State Sen. Mike Gianaris plans to change that and has sponsored legislation that would stop insurance companies from hiking rates or denying people homeowners’ insurance based on the type of dog they keep. His bill passed the senate Tuesday.
The lawmaker says that many insurance companies will not provide homeowners’ insurance to people who keep certain types of dogs—or raise their premiums— based on the claim that some breeds are dangerous and bite.
Gianaris, who represents western Queens, says that higher premiums add to the cost of home ownership, often forcing canine lovers to forgo owning or keeping such dogs.
“People should never be forced to choose between an affordable place to live and the pets who are members of their families,” Gianaris said in a statement yesterday. “This proposal would make it easier for New Yorkers to give good homes to even more animals in need.”
Gianaris said that there is no statistical connection between dog breeds and bite incidents, citing a white paper that states that dogs such as Great Danes are no more dangerous than corgis and chihuahuas.

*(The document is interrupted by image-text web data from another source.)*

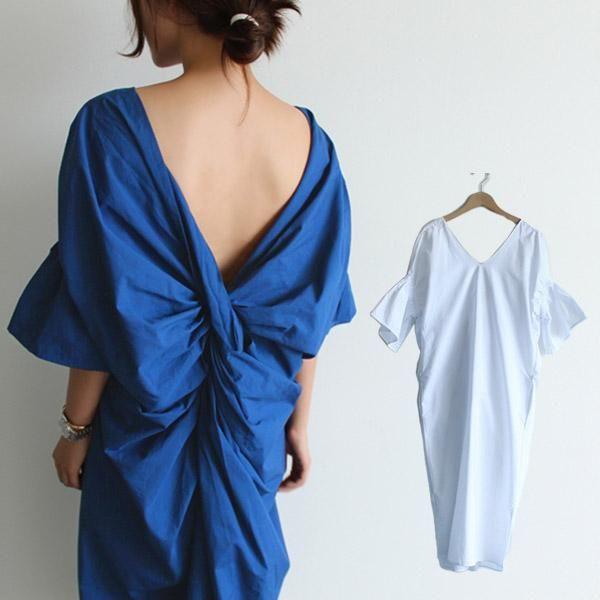 21春夏 背中 開き ワンピース バックツイスト ねじり 白 紺 即納 バックオープン 春 夏 ロング 半袖 リゾート 七分袖 綿 コットン ホワイト ブル 公式ストア Www Centrodeladultomayor Com Uy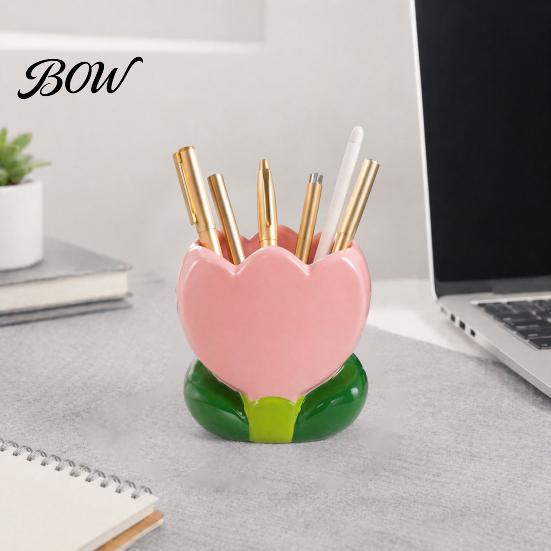 Office Desk Accessories for Women Tulip Makeup Brush Holder, Resin Cosmetic Organizer Vanity Desk, Cute Flower Pen Floral Stationery Cup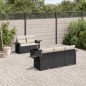 vidaXL Set de sofás de jardín 6 piezas y cojines ratán sintético negro vidaXL Set de sofás de jardín 6 piezas y cojines ratán sintético negro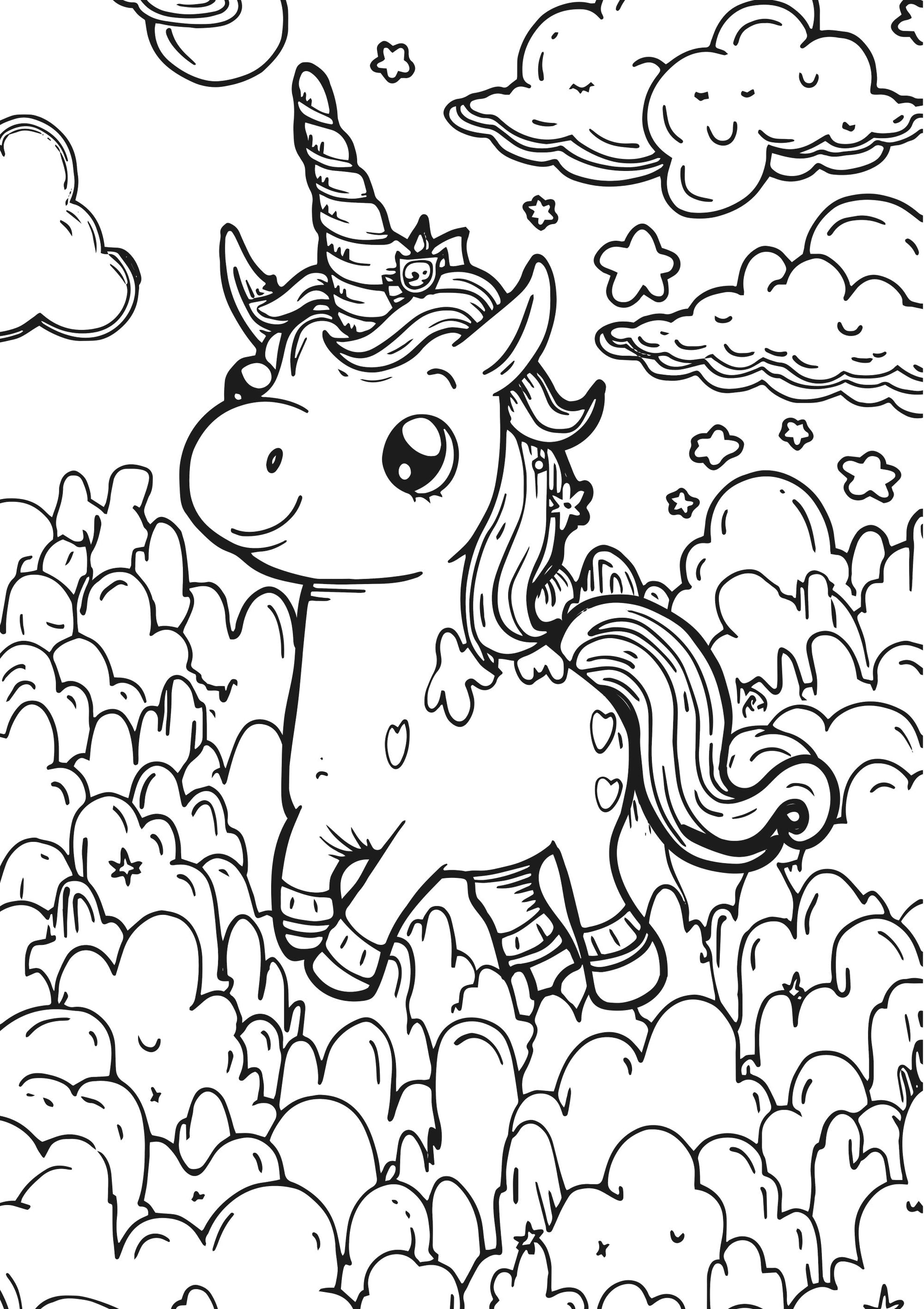 Unicorn Dreams XXL Coloring Book Inner Page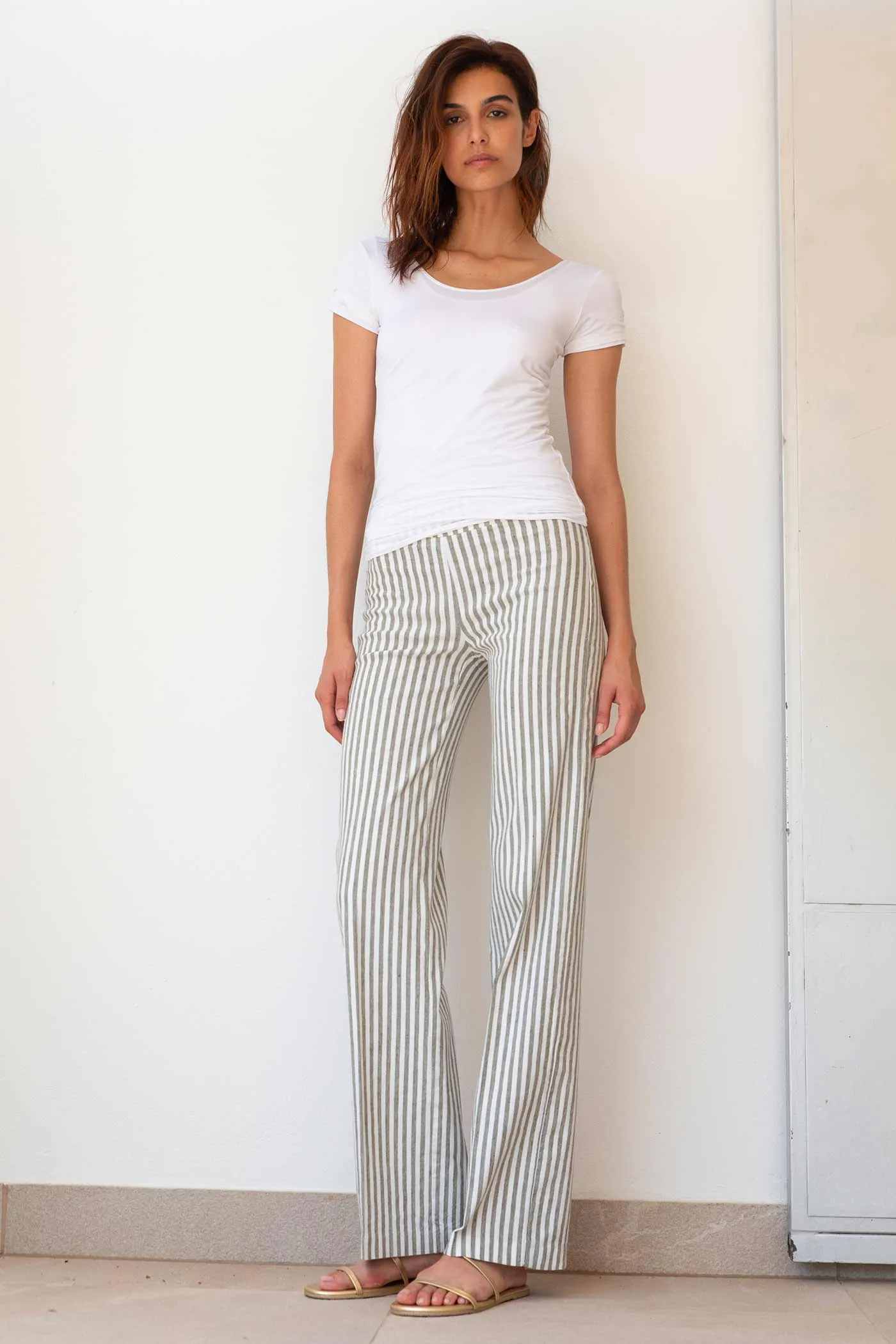 FLAVIA Linen Stripes Bengal Olive sold by Avenue Montaigne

Dog behavior, Gianaris said, is more a function of training than breeding.
The legislation would ban insurance providers from charging higher premiums, refusing to issue or renew insurance, or canceling policies based on the breed of dog a homeowner owns.
The bill is now before the Assembly Codes Committee.
According to the text of the bill, insurance providers can currently charge homeowners higher premiums even though their dog may not have ever caused an injury to a person.
“This erroneous practice has placed pet owners in an undeserved bind,” the bill reads.
The bill also states that insurance companies have avoided losses in the past because of the additional layer of security a dog provides in deterring home burglaries.
“It is unacceptable that now insurance companies would want the ability to deny coverage based on the exact same breed of dog that may have protected the homeowners and the insurance company from loss,” the bill states.
The animal advocacy group NYS Animal Protection Federation said that it is backing the legislation.
“Insurance companies routinely stand in the way by denying homeowners insurance or charging exorbitant premiums if you own a breed that the insurers consider aggressive—like pit bulls, German shepherds, Rottweilers or Great Danes,” said Libby Post, the executive director of NYSAPF.
“This discrimination is unfounded and based on sensationalized media coverage of dog bites,” Post said.
Post said that this approach by insurance companies forces homeowners with certain types of dogs to give up their pets, which ultimately sees many canines end up in animal shelters.
“Senator Gianaris’ bill … [would end] one of the most unfair injustices pet owners are subjected to by insurance companies,” Post said.